Now, I will introduce another variable to help simplify this equation:

v_i = \sum_{j = 3}^n\alpha_jy_jK_{ij}

Plugging v in and rearranging terms a bit we get:

\mathcal{L}(\alpha_2) = \dfrac{1}{2}K_{11}(\zeta - sa_2)^2 - \dfrac{1}{2}K_{22}a_2^2 + sK_{12}(\zeta - sa_2)\alpha_2 + y_1(\zeta - sa_2)v_1 + y_2\alpha_2v_2 - (\zeta - sa_2) - \alpha_2 + \text{constant}

Now we have the dual equation in terms of only two Lagrange multipliers. This is still a Quadratic Program. We could plug this into a QP solver and it would still be much faster than before overall because we only have two decision variables.

We can do even better though, and solve for \alpha_2 analytically, thus avoiding the need for a QP solver altogether.

To analytically solve for \alpha_2 we differentiate with respect to \alpha_2 and set it equal to 0.

Let’s differentiate it term by term:

First Term: \dfrac{1}{2}K_{11}(\zeta - s\alpha_2)^2

We differentiate this with the chain rule and get:

\dfrac{d}{d\alpha_2} = -sK_{11}(\zeta - s\alpha_2)

Second Term: \dfrac{1}{2}K_{22}\alpha_2^2

We use the power rule:

\dfrac{d}{d\alpha_2} = K_{22}\alpha_2

Third Term: sK_{12}(\zeta - s\alpha_2)\alpha_2

Here we just apply the constant rule and get:

\dfrac{d}{d\alpha_2} = sK_{12}(\zeta - s\alpha_2)

Fourth Term: y_i(\zeta - sa_2)v_1

First, we distribute the v_1:

y_1(\zeta - sv_1\alpha_2)

Next, we distribute the y_1:

\zeta - y_1sv_1\alpha_2

Therefore:

\dfrac{d}{d\alpha_2} = -sy_1v_1

But, recall that s = y_1y_2:

\dfrac{d}{d\alpha_2} = -y_2y_1^2v_1

Because y_i must be either 1 or -1, y_i^2 is always just 1:

\dfrac{d}{d\alpha_2} = -y_2v_1

Fifth Term: y_2\alpha_2v_2

This is a straightforward application of the constant rule:

\dfrac{d}{d\alpha_2} =y_2v_2

Sixth Term: - (\zeta - sa_2)

First, we distribute the negative:

-\zeta + sa_2

Then apply the constant rule:

\dfrac{d}{d\alpha_2} = s

Seventh Term: \alpha_2

This is obvious:

\dfrac{d}{d\alpha_2} = 1

Eighth Term:

The eighth term is a constant that does not include \alpha_2 so it goes away when we differentiate.

At long last putting the terms together into one equation and setting that equation equal to zero gives us:

\dfrac{\partial \mathcal{L}}{\partial \alpha_2} = -sK_{11}(\zeta - sa_2) + K_{22} \alpha_2 - K_{12}\alpha_2 + sK_{12}(\zeta - s\alpha_2) - y_2v_1 + y_2v_2 + s - 1 = 0

Now, we need to solve for \alpha_2 to find our optimal solution.

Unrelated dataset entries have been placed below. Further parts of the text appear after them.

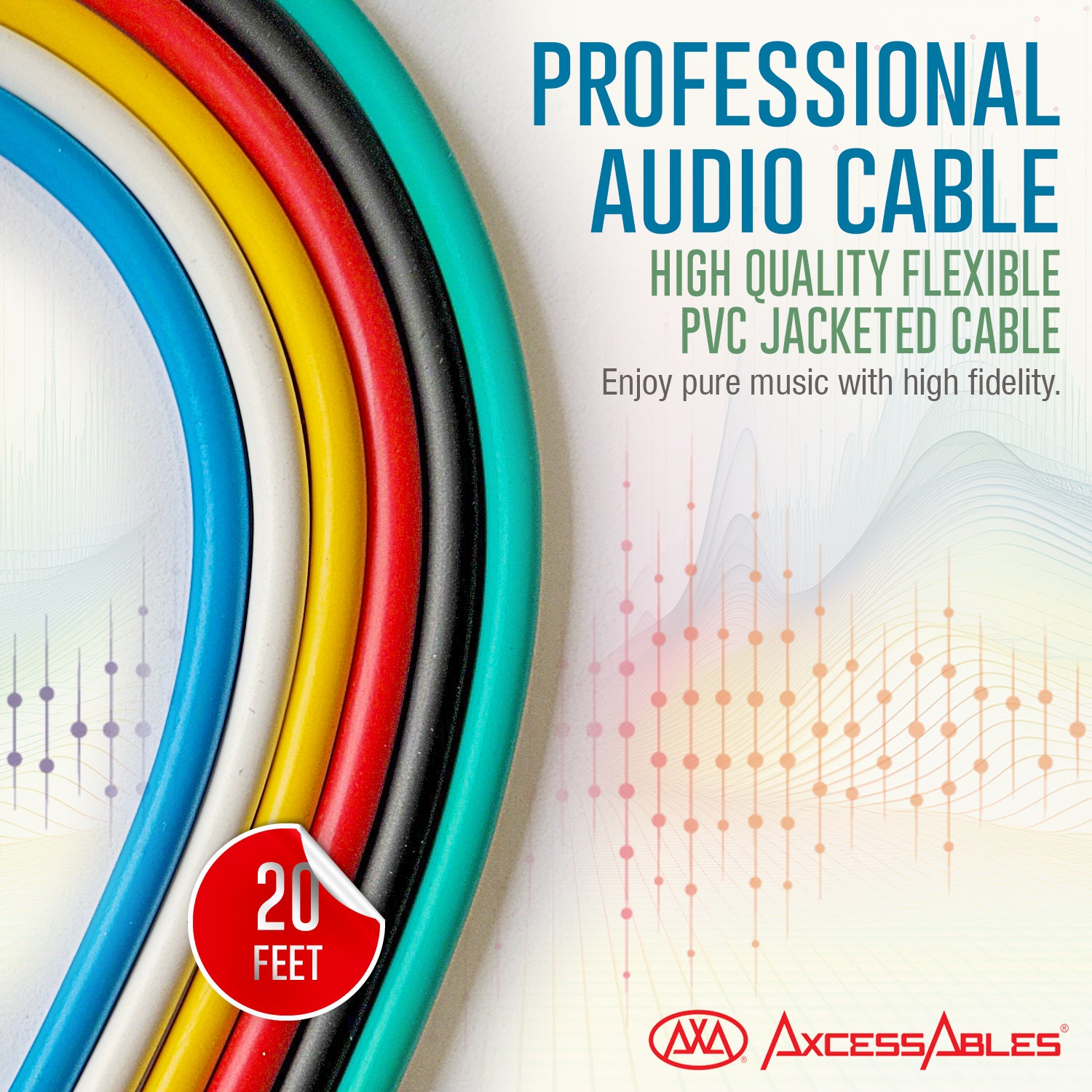 AxcessAbles Audio 1/4-Inch TS Male to 1/4-Inch TS Male Multi-Colored Instrument Cable Pack w/ Metal Connectors (20ft - 6 Pack)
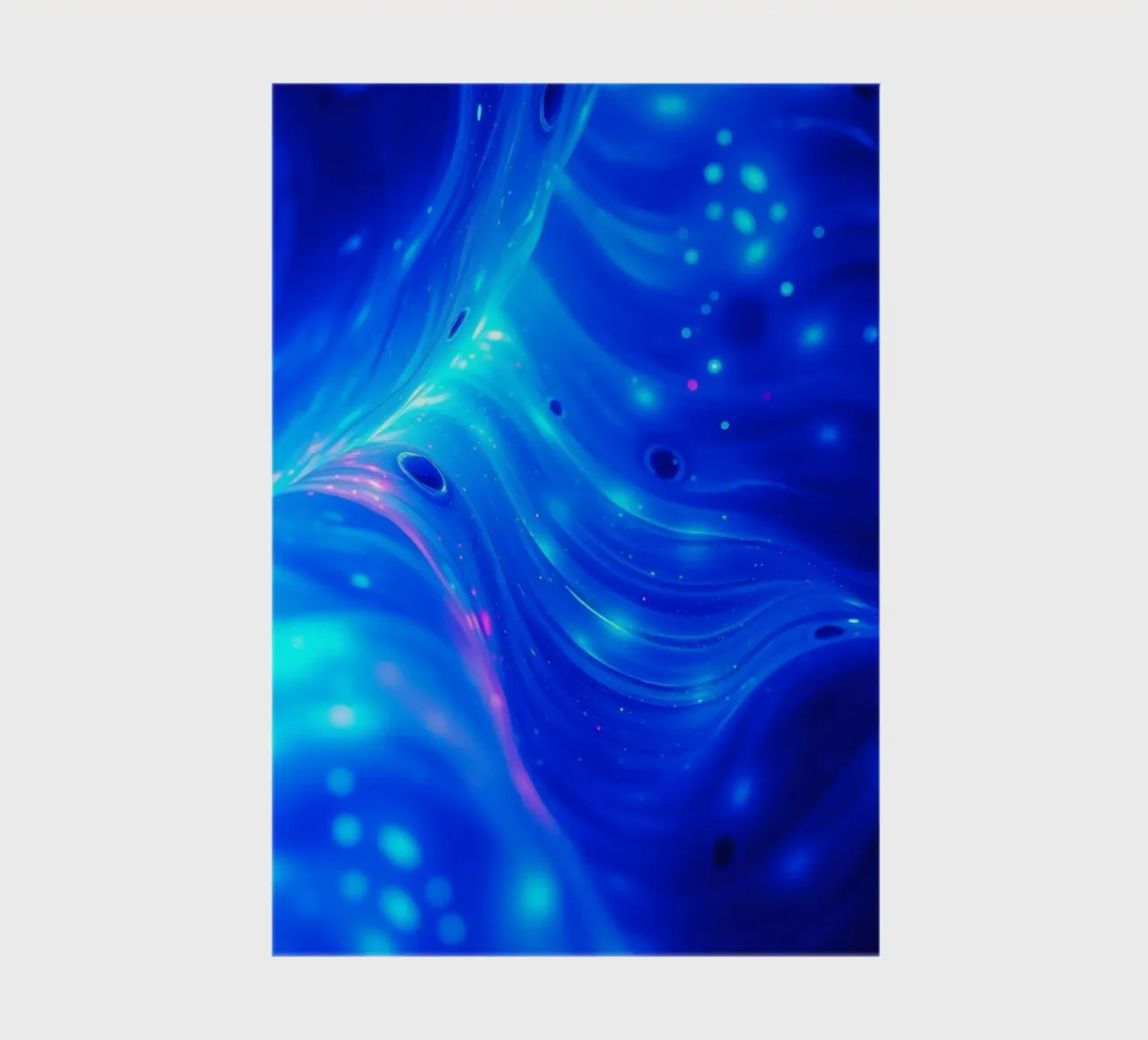 Vibrant waves of blue abstract design create a stunning art notebook by DesignDoodle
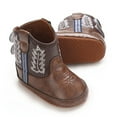 thumbnail image 4 of Baby Boys Girls PU Leather Cowboy Boots Newborn Soft Sole Non-Slip Bootie Crib Shoes 0-18M, 4 of 9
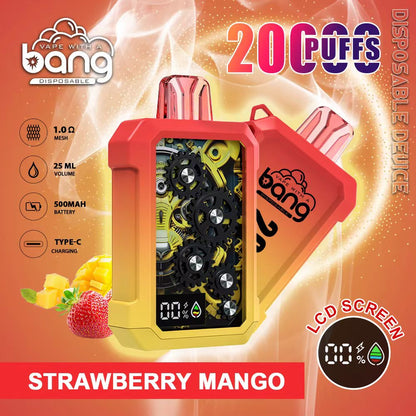 Bang 20000 Puffs, Disposable Vape E-cigarettes, 12 Kinds of Fruits Flavors, 25ml Capacity, 500 MAH Battery, Type C Rechargeable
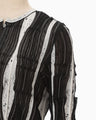 Fluid Jacquard Knit Cardigan - black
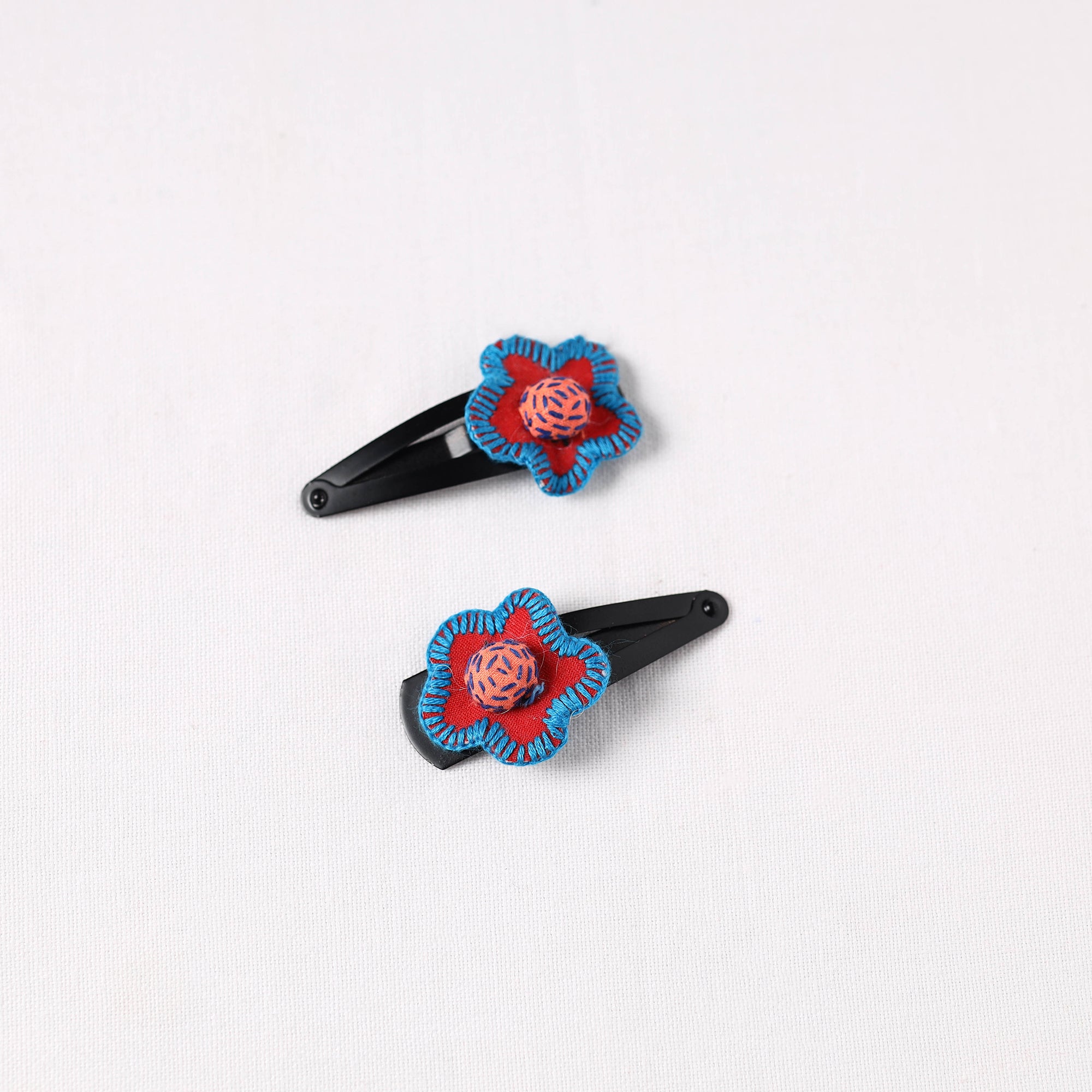  Handmade Thread Work Tik-Tak Hair Clips (Set of 2)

It is a lot of algebra. I will do it in small steps explaining each step as I go.

First, we can move s - 1 over to the other side of the equation:

-sK_{11}(\zeta - sa_2) + K_{22} \alpha_2 - K_{12}\alpha_2 + sK_{12}(\zeta - s\alpha_2) - y_2v_1 + y_2v_2 = 1 - s

Now we can factor a y_2 out of the terms of the right side of the equation, and move it over to the other side of the equation:

-sK_{11}(\zeta - sa_2) + K_{22} \alpha_2 - K_{12}\alpha_2 + sK_{12}(\zeta - s\alpha_2) = y_2(v_1 - v_2) + 1 - s

Wherever there is parenthesis on the left side of the equation we can distribute:

-sK_{11}\zeta - s^2K_{11}\alpha_2 + K_{22}\alpha_2 - K_{12}\alpha_2 + sK_{12}\zeta - s^2K_{12}\alpha_2 = y_2(v_1 - v_2) + 1 - s

Since s = y_1y_2 and y_i must be either 1 or -1, s^2 = 1, and those terms disappear. This will come up a lot during this derivation.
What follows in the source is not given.